Chemistry Meter: 7/10
I believe that Elizabeth would take the words of Estelle into counsel before going on a date with Lewis and find that yes, they would get along swimmingly. Think about it. Elizabeth was an intelligent and accomplished ruler, but she was also confined to the social and religious rules of her position. She owned vast properties and forests, but she wasn’t allowed to roam freely within them once she assumed the role of The Virgin Queen. Enter Lewis, the All American Explorer whose deeds demonstrate the national identity and spirit of independence and self-determination. Elizabeth needs a guy who doesn’t care that she’s the queen (Lewis is friends with the American president, after all, so monarchy? what monarchy?). Lewis needs to share his love of nature and exploration with someone. Our girl Elizabeth needs a vacation. Bachelor Lewis needs the love of a good woman. It’s opposites attract, y’all!
Success Rate: 3/10
I see this romance as a wild and brief adventure for Elizabeth rather than a lasting relationship. She’s the sovereign ruler of one of the most influential nations in Western civilization, dudes. Good Queen Bess just can’t be tamed.
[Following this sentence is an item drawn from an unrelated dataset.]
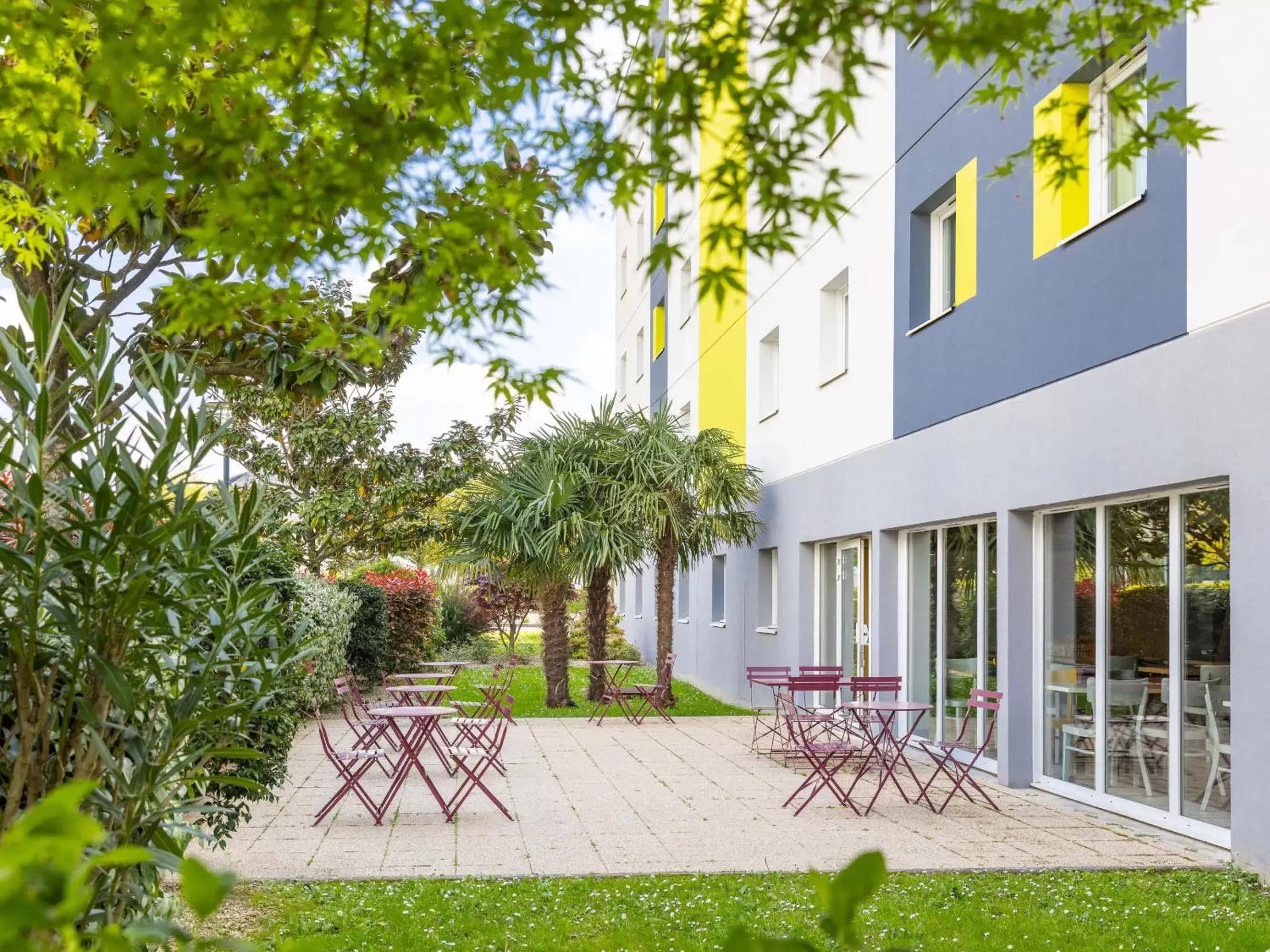 Patio, Property Building in B&B HOTEL Rennes Ouest Villejean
Eventually, Elizabeth will feel the urge to take down another Spanish Armada and head back to the palace, leaving Lewis behind somewhere along the Missouri River. Poor Meriwether. But hey, at least Clark has his back.
So thus concludes the first time traveling love affair! For my next update, I will attempt to hook up the neurotic physicist Isaac Newton with a Manic Pixie Girl from history. Any suggestions?